In that case, the court dismissed the claim of intentional misrepresentation, based upon the fact that there was no material misrepresentation by the agency and, again, based upon the facts, the plaintiffs knew or should have known the child’s medical condition before the adoption. Dresser 358 F.Supp. 2d at 635-636.
The court dismissed the negligence claims in reliance upon the documents the plaintiffs signed with the agency, releasing the agency from such liability. Dresser 358 F.Supp. 2d at 636. However, the court did uphold the child’s right to bring his claim against the agency on the grounds that the agency breached its duty to him, to provide his adoptive parents with his medical records within a reasonable period of time. Dresser 358 F.Supp. 2d at 639. Hence, the court extended the agency’s duty of full disclosure of a child’s medical records to the adoptive parents to include the child, recognizing, as alleged in this case, the failure to do so, could jeopardize the child’s future medical care. Dresser 358 F. Supp. 2d at 641.
Duty to Defend
It is critical for all adoption agencies to have liability insurance. Included in the liability policy is the duty to defend the agency in negligence actions. In Travelers Indem. Co. v. Children’s Friend and Service, Inc., Not Reported in A 2d.2005 WL 3276224, R.I. Super. (2005), an insurance companies that had issued a policy to the adoption agency sought to have other insurance companies, who had also issued policies during the relevant time period, share in the duty to defend the agency in a case brought by adoptive parents against the agency.

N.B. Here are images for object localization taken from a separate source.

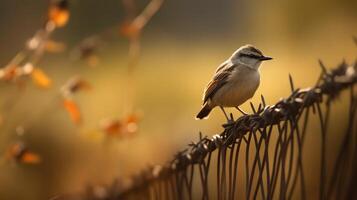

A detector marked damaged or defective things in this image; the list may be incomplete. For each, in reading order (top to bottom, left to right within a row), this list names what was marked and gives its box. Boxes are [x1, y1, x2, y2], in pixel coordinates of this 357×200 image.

rusty metal wire [80, 57, 356, 199]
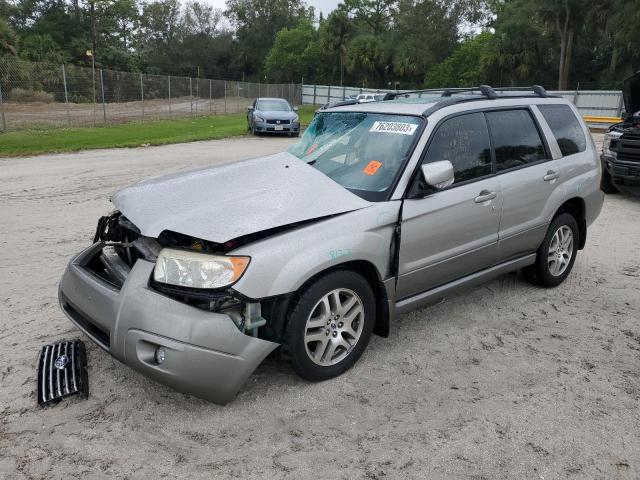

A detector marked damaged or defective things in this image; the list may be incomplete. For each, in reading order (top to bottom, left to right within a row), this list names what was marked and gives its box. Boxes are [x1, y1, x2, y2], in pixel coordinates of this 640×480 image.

detached grille [616, 130, 640, 164]
broken headlight [153, 249, 250, 290]
damaged silver suv [57, 85, 604, 402]
crushed front end [58, 212, 280, 404]
detached grille [37, 340, 88, 406]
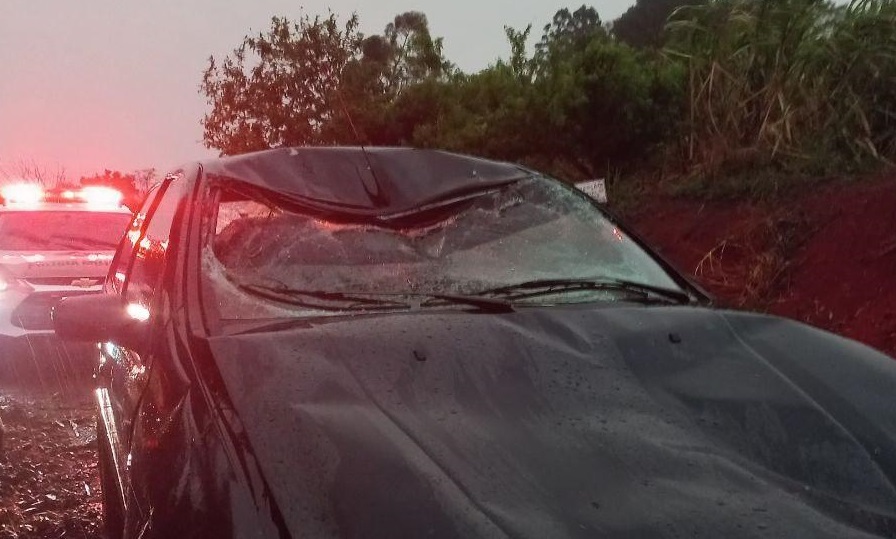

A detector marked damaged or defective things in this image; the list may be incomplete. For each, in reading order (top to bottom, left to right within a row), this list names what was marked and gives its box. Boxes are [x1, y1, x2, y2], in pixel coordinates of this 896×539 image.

crushed car roof [198, 148, 532, 217]
shattered windshield [203, 177, 680, 320]
dented hood [206, 306, 896, 536]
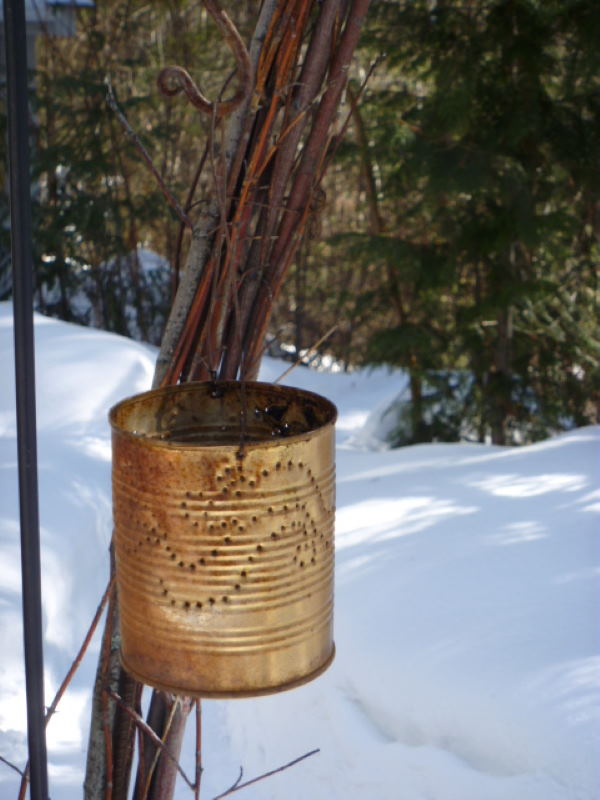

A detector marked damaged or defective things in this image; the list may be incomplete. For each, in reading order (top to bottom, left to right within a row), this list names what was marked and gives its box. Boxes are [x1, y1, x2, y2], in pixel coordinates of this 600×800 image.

rusty tin can [110, 380, 336, 692]
rust stain on can [110, 378, 336, 696]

The court held, that, according to the language of the policies, the “bodily-injury, not necessarily the occurrence,” occur during the coverage period of the policy. The court concluded that it was possible that the injuries sustained could be during the policy period because the injury was an on-going one, and thus the terms of the policy in effect at that time could be invoked.
Conclusion
Unanswered questions still remain and liabilities still loom:
Preventative law equates with being three steps ahead of the wave. The customary standard, present case law, statues, and regulations cannot be relied on without an eye toward future liability. It is imperative that all agencies, attorneys, and social workers clearly delineate their respective role and responsibilities in writing, to the prospective adoptive parents. It is also critical that prospective adoptive parents be presented, in writing all known risks, the possibility of unknown risks, and the opportunities that may have to consult experts before agreeing to a placement. As a final point, it is negligent for any agency to operate without adequate liability coverage.

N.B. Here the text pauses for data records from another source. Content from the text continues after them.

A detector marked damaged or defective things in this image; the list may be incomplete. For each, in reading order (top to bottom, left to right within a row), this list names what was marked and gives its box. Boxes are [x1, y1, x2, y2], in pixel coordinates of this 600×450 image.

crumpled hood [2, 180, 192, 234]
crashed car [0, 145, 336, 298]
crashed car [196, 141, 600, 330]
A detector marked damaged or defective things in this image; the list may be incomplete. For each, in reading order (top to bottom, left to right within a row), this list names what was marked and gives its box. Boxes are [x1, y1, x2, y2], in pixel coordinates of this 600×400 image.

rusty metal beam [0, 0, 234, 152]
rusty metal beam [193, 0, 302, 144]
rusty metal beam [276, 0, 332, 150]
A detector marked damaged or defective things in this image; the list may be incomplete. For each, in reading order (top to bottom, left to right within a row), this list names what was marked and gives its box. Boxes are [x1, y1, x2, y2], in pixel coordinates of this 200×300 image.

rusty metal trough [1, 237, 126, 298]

1. For the ease of reference, and in respect to all who adopt, the word parents shall refer to all who adopt, whether an individual or couple.
2. The Department also refers to licensed placement agencies.
3. At the time of this writing, August 2006.
4. The dissent to preclude potential punitive liability for actions, which at the time were the norm, Ross v. Louise Wise Services, Inc., 28 A.D.3d 272, 812 N.Y.S.2d at 294, NY.A.D. 1 Dept. (2006) would be rather persuasive, if not for the agency’s continued refusal to disclose critical information, years later, in contravention of the change in the standard of practice and the law.